The Seven
C’s
Of Good Service
By Art Italo
In the competitive legal market, good service differentiates you from the thousands of other attorneys who would love to have your business. Lawyers sometimes forget they are not only in a profession, but in a service profession. Too often they take their clients for granted in the crush of expedient work that overwhelms them. They then wonder why they don't get many referrals from their clients.
One of your greatest marketing tools for developing new business is client satisfaction. A satisfied client is your best advertisement. Most lawyers believe doing good legal work is enough. It is not. Clients don't respond as strongly to the technical excellence of your work product as they do to the excellence of your service.
What do clients respond to most? They respond to how you treat them. Your professional conduct is often far more important to them than the work you do or the outcome of their case. As a professional dedicated to getting results and solving problems, this may seem incredible.
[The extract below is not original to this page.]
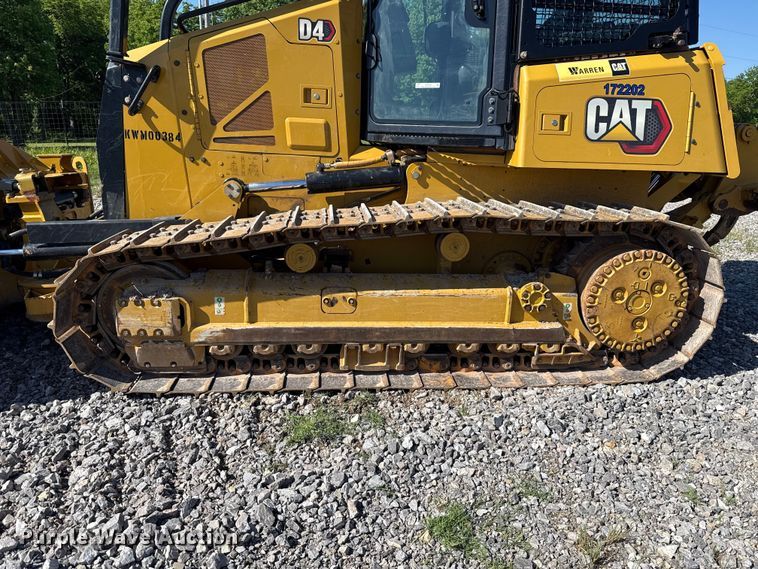 image for item ET6138 2022 Caterpillar D4 dozer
It is nonetheless true.
To be a top provider of legal services, you need to master the seven C's. These are not concepts that are unique to the legal profession. They are basic service concepts that apply to all businesses that want satisfied customers.
The seven C's of good service are:
If you operate a practice consistent with these basic principles, you will surely gratify all but the most unreasonable clients.
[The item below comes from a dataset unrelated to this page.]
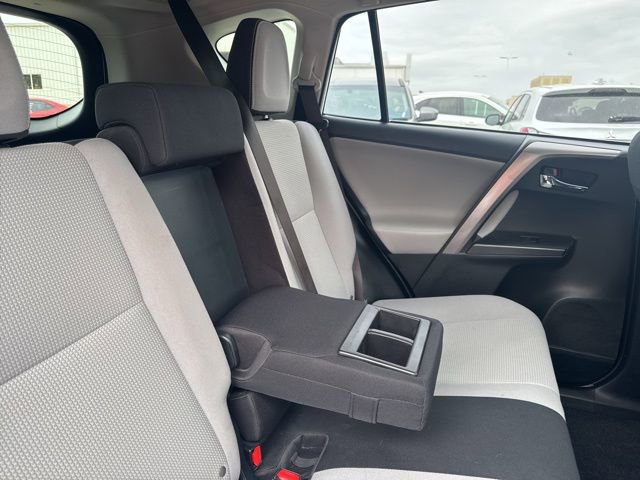 Used 2017 Toyota RAV4 XLE AWD/4WD image 21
The area that draws the most frequent complaints among clients about lawyers is communication. The biggest fuss is usually over returning client phone calls. Most lawyers are terrible about this.
Let me be direct. You must return all client calls within 24 hours if you hope to be successful. I know all the reasons this is tough. Imperative matters don't always allow it. Clients call every five minutes and answering every call will prevent you from getting any work done. Too bad. Fit it in.
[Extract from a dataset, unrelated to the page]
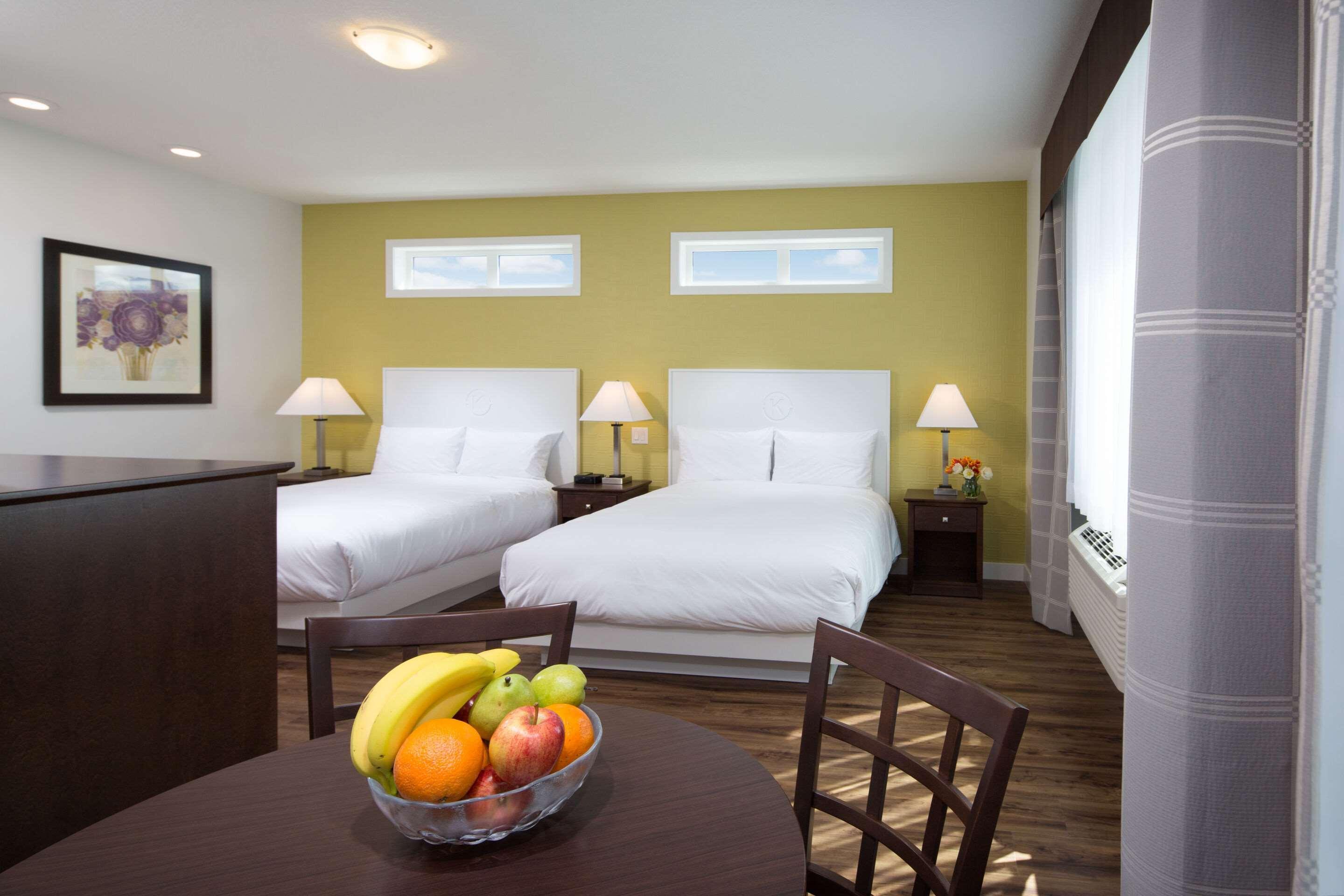 Econo Lodge Inn & Suites Kelowna Eksteriør billede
If you cannot do it yourself, direct a member of your staff (your secretary, paralegal or associate) to return the call. As an intermediary, this staff member can strike a balance that allows timely response and work efficiency for the attorney. There is no leeway here. This is an absolute.
Another area of complaint about communication involves updates on legal work. This one is particularly true in litigation. The litigation process tends to progress in fits and starts. There are often long periods where nothing happens followed by a flurry of activity. Clients assume that the quiet periods are the result of the lawyer not working on their case. This is usually because the lawyer doesn't call or correspond with the client unless there is something of great consequence to report.
It is important to call your clients periodically, even if nothing is going on in their case. Emphasize the efforts you have made to move things along. Explain the nature of the process and that the lawyer can only move the process to a certain point before he must wait for a judge, lawyer, witness, adjuster etc., to respond. If a reasonable period of time has passed, tell the client you are going to call the person slowing the process to check on the status and nudge them if appropriate. This shows you are proactive and aggressive rather than helpless and reactive.
A good technique is to write short notes confirming conversations with other lawyers for depositions and points discussed. "This note confirms my request to schedule Mr. Jones for his deposition. Please get back to me by Friday with possible dates and times." This kind of undocumented conversation goes on routinely between lawyers, but it often takes a month to set a date. To no avail, you've traded five calls each during that month, but as far as the client knows, you've done nothing. A one line note with a copy to the client keeps the client informed about all the behind the scenes work you are doing.
There is no area that irks clients more than a lack of common courtesy. Lawyers don't mean to be rude, they are just busy. They are so attentive to the six crises they are handling, they don't realize they are doing things that are inconsiderate to their clients.
A good rule of thumb is to treat your clients' time as if it is as valuable as your own. Start meetings on time. Hold your calls during client meetings. If you have to take a call, never take it in front of the client. Excuse yourself and take the call in another room.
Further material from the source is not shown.